If you can nail down the precise location of the problem (at least where bli_abort is being called from), I can work with you to work backwards towards the source. I imagine we'll need to inspect local state as we go (printf or via gdb).
@devinamatthews the problem still exists when configured with --enable-debug=opt. I do have a tool that allows us to nail down to the precise location of the problem.

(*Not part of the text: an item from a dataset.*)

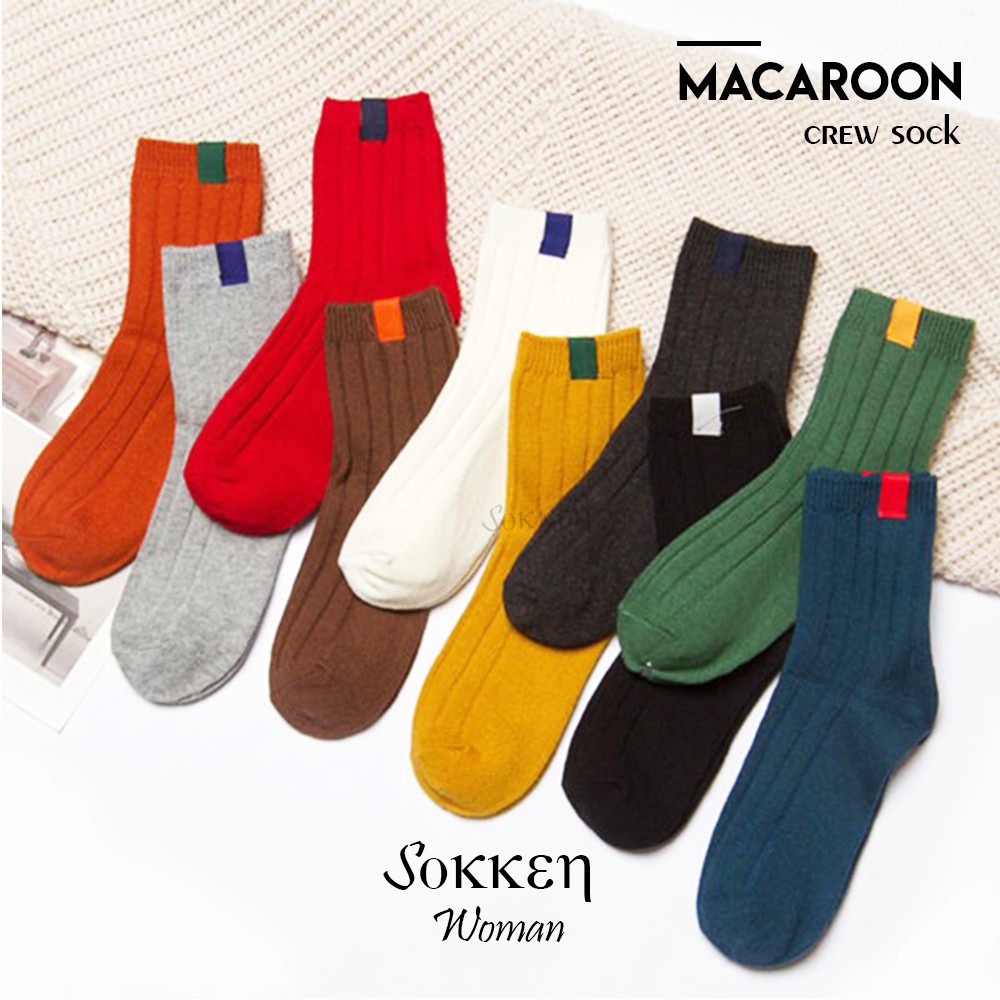 SOKKEN Kaos Kaki Korea Wanita Polos Warna Warni Macaroon SOKKEN Kaos Kaki Korea Wanita Polos Warna Warni Macaroon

If you open the following trace file in https://ui.perfetto.dev/. You should see:
Hi @jerryyiransun can you get a gdb-style backtrace, but with files and line numbers? I'm still confused because this info and another comment indicate a problem in bli_stack_get, but the first stack trace implicates bli_cntx_init_generic_ref.
Hey @devinamatthews, I've opened an PR for fixing the issue, it had to do with some uninitialized memory and was causing the crash on z/OS.